When we want to break our bad habits or get better ones, we fail regularly, reliably and quickly. We don't have to wait until the New Year for that. By now, there's probably already more room in the gyms on earth than there was in the first week of January, the brief dip in the tobacco industry's sales curves has long since dissolved into nicotine-swilling smoke, and the cholesterol levels show satisfied, slightly too red faces of people sitting comfortably by the sofa instead of on their brand-new yoga mat. Been there, done that. - In order to keep at least one good resolution, I had hung a sign above my desk as a student: "Starting tomorrow, study!" That actually worked splendidly!

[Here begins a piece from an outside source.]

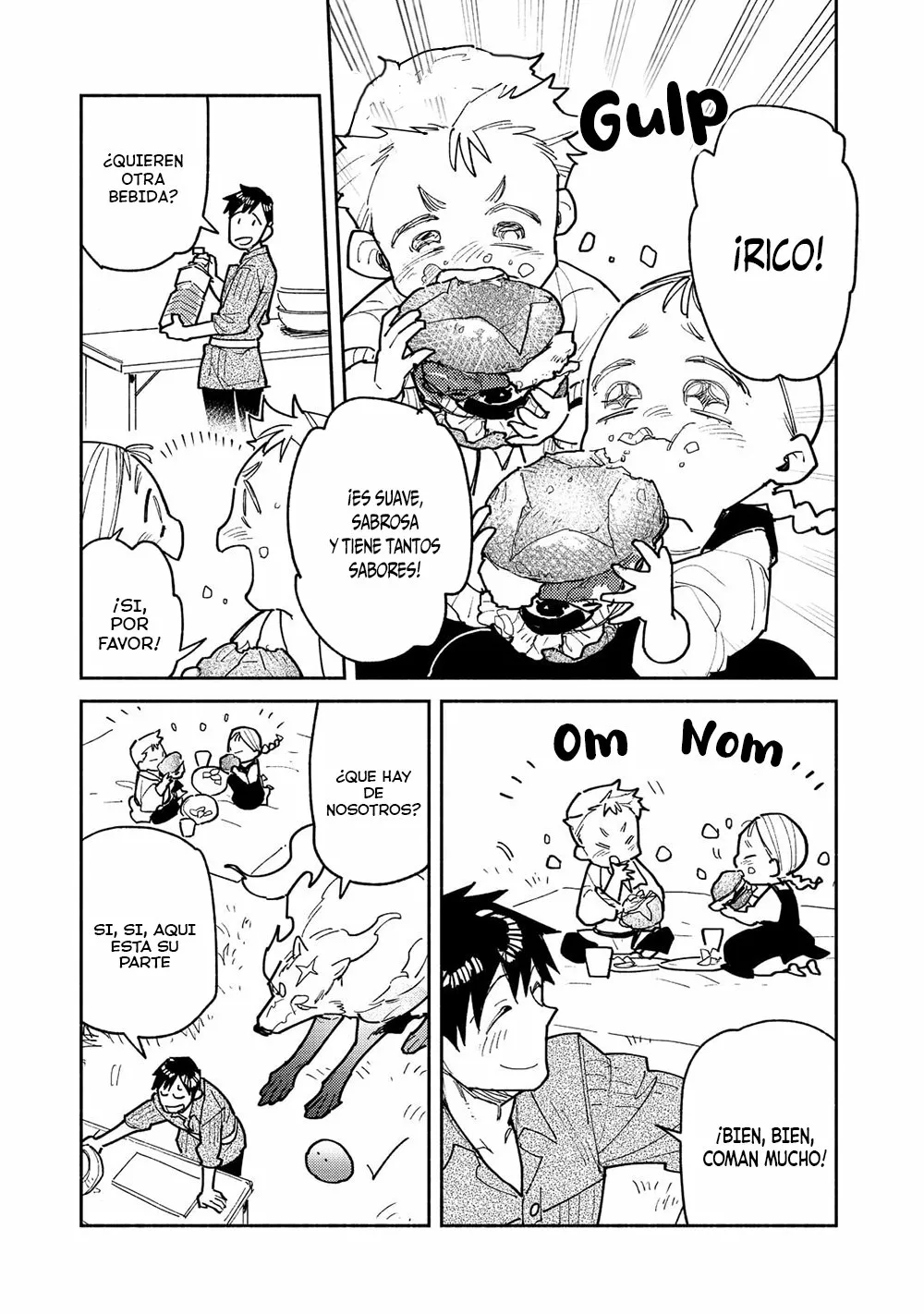 Tondemo Skill de Isekai Hourou Meshi Capítulo 51 - Page 16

Each of us knows it from a thousand and one experiences: nothing is more difficult than changing one's behaviour, even when our head is roaring: "Eat fewer chips, otherwise the day is not far off when a Harley Davidson rider will be parked in your shadow!" Whether it's medical advice or the voice of reason, usually not even the too-short belt brings the compelling arguments into the discussion with the inner bastard to do what's right/better/smarter, because changing one's behaviour is now the very hardest thing to do.

Oh, stop! There is one thing that is even more difficult than that, namely: convincing others to change their behaviour.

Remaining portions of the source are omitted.